AVAILABLE DATA
______

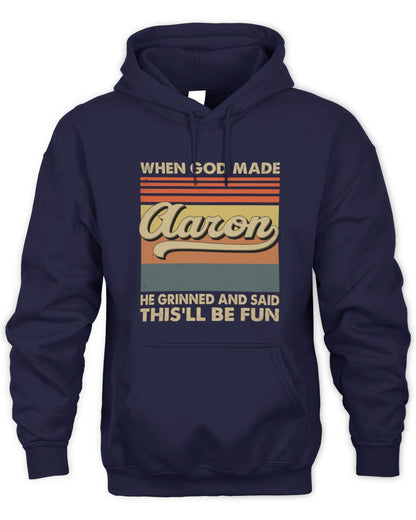 When God Made Your Name He Grinned Vintage T-Shirt AARON M1-55 / Unisex Hoodie / navy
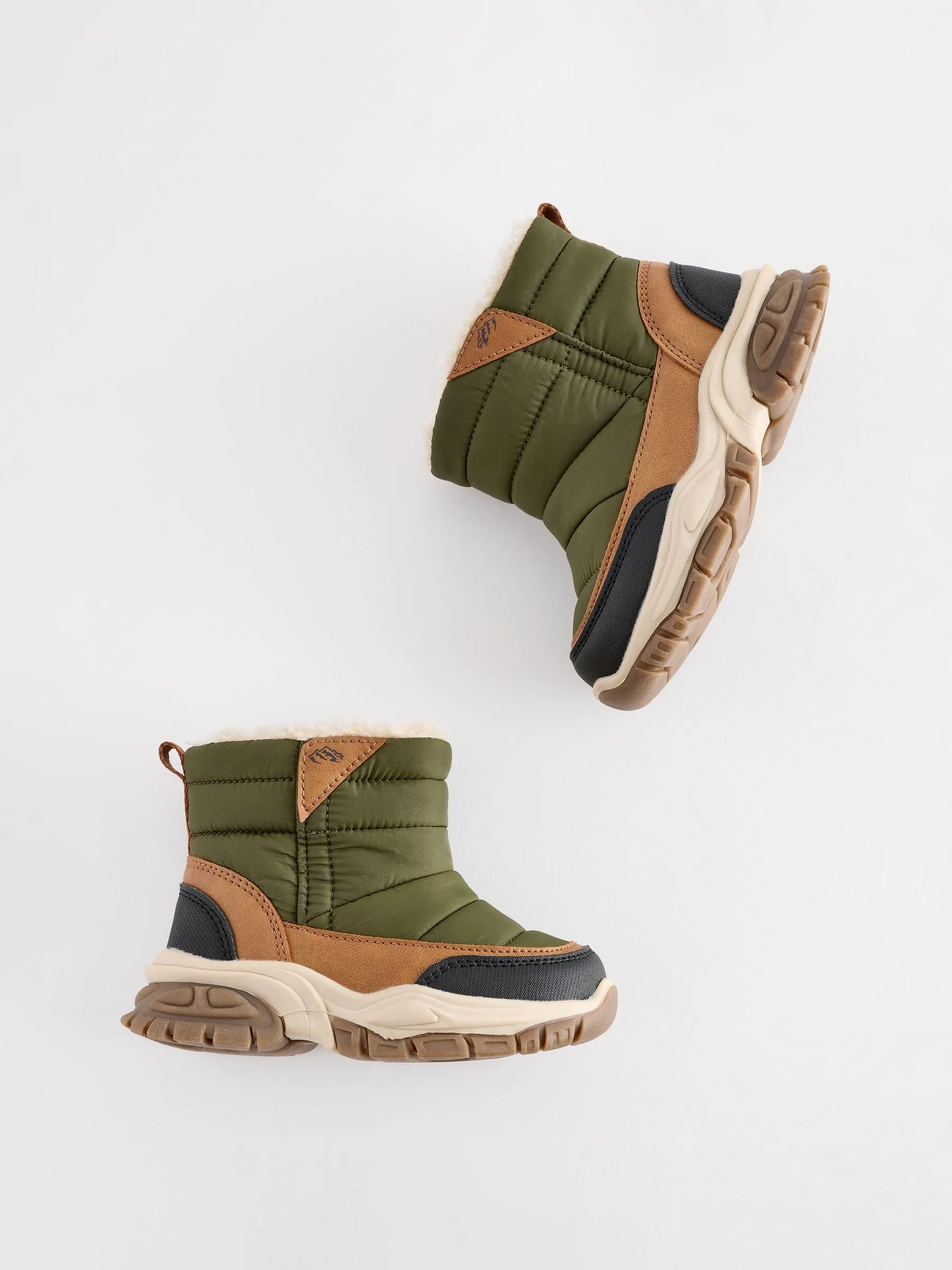 Green Quilted Snow Boots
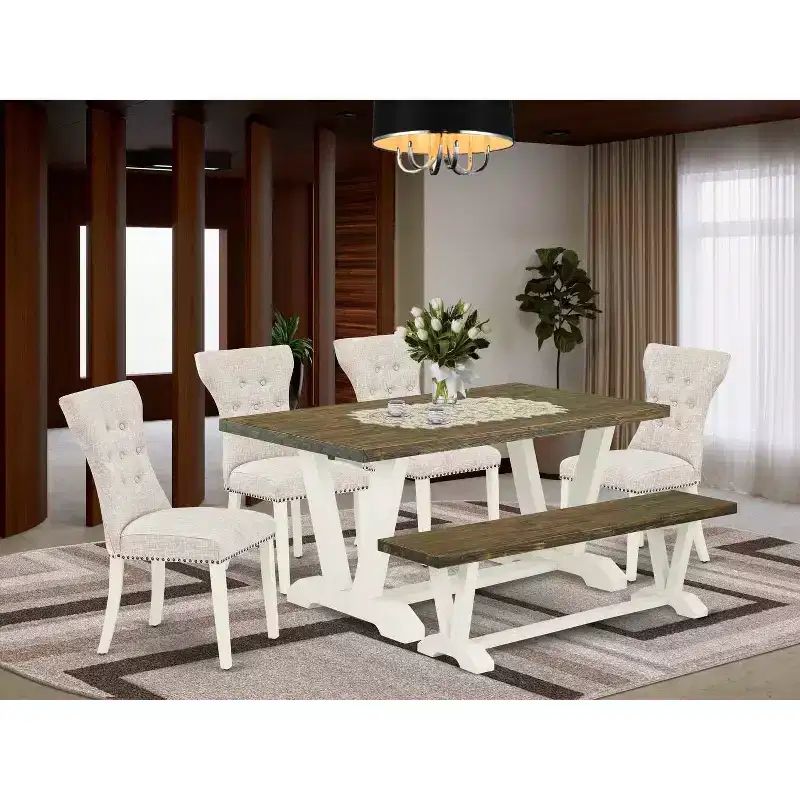 HomeStock 6-Pc Rectangle Distressed Jacobean Finish Solid Wood Top Dining Table with 1-Bench, 4-Chairs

______

TASK DIRECTIONS
Word-for-word transcription: the whole listing, with images excluded.

RESPONSE FOR THIS EXERCISE
 When God Made Your Name He Grinned Vintage T-Shirt AARON M1-55 / Unisex Hoodie / navy
 Green Quilted Snow Boots
 HomeStock 6-Pc Rectangle Distressed Jacobean Finish Solid Wood Top Dining Table with 1-Bench, 4-Chairs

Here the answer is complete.